> [Source records]
==================================================

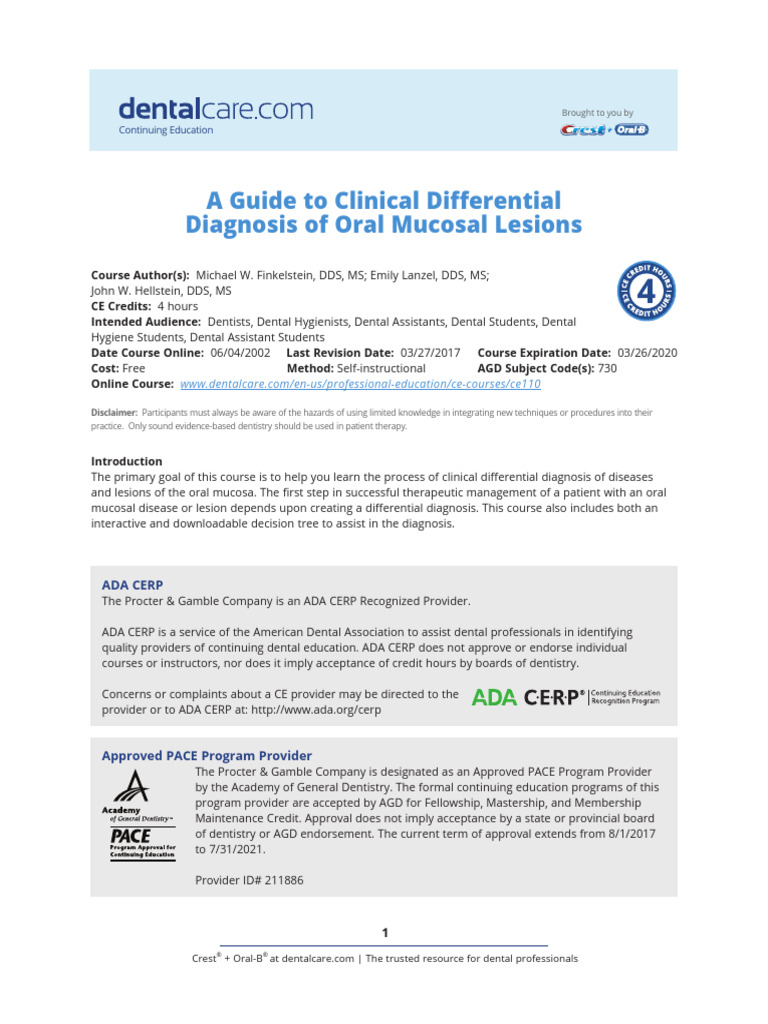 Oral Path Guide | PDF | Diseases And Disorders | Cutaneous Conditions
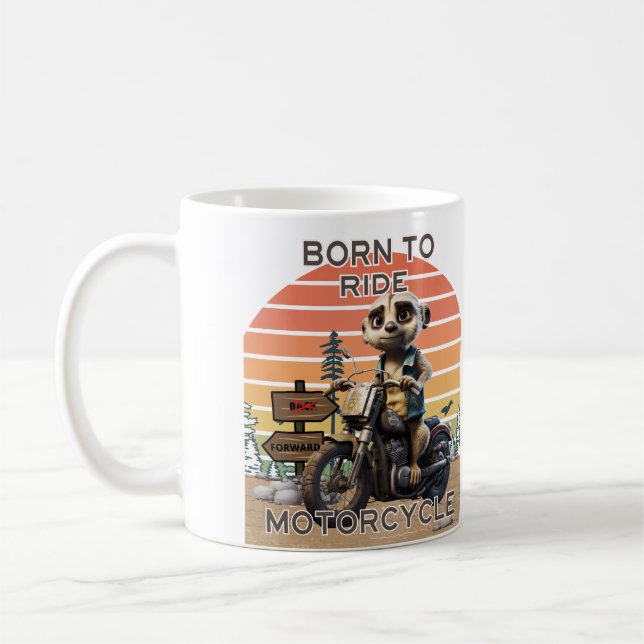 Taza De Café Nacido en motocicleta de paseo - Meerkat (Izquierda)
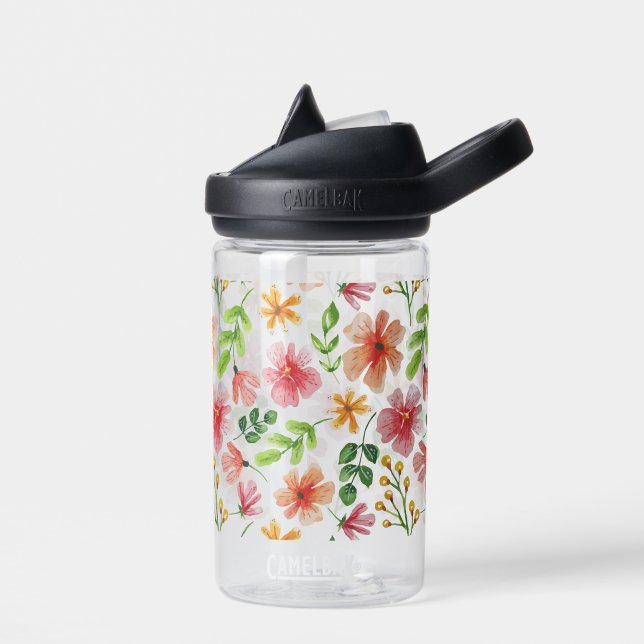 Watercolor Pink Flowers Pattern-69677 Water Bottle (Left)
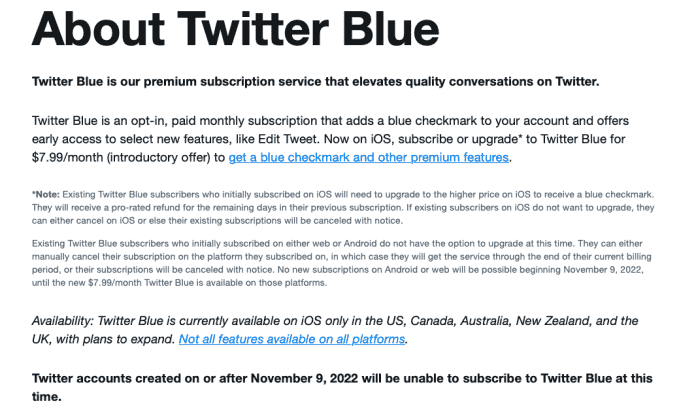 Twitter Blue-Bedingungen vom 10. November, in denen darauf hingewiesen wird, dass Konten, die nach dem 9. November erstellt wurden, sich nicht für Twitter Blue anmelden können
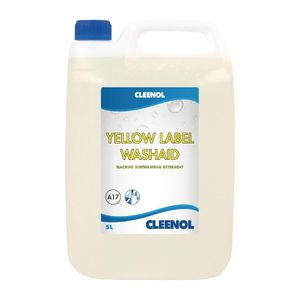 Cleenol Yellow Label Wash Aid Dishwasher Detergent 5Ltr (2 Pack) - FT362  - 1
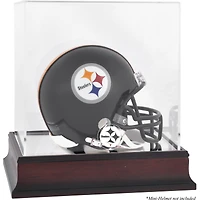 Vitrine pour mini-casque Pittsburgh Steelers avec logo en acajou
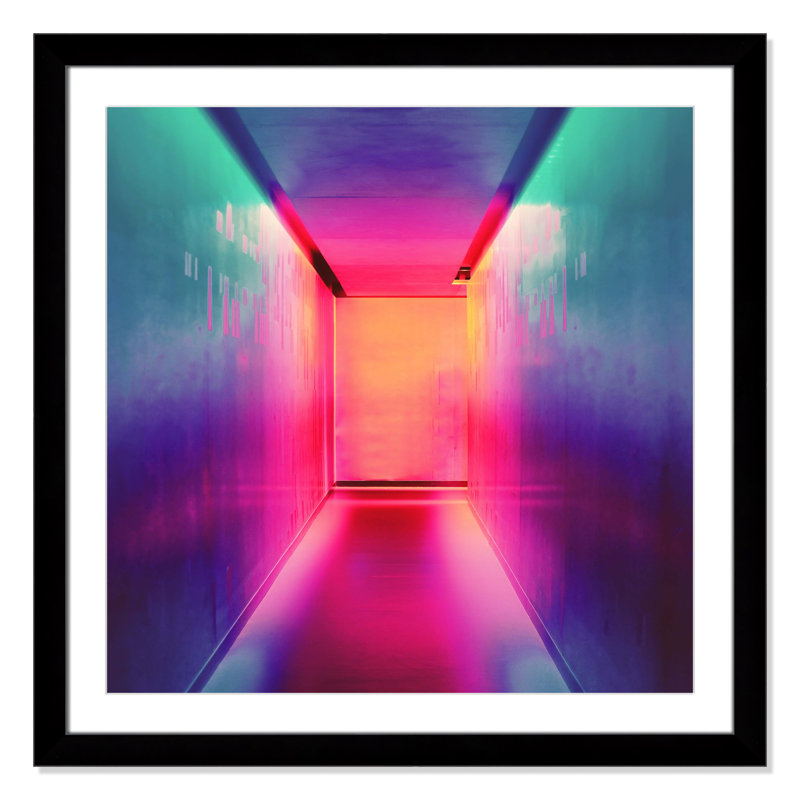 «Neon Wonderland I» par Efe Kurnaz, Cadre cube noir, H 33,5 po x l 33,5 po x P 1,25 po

==================================================

Your output should be the lines from the line containing "Vitrine pour mini-casque" through the last line of the listing above, restated exactly, with no pictures among them.

> [Task result]
 Vitrine pour mini-casque Pittsburgh Steelers avec logo en acajou
 «Neon Wonderland I» par Efe Kurnaz, Cadre cube noir, H 33,5 po x l 33,5 po x P 1,25 po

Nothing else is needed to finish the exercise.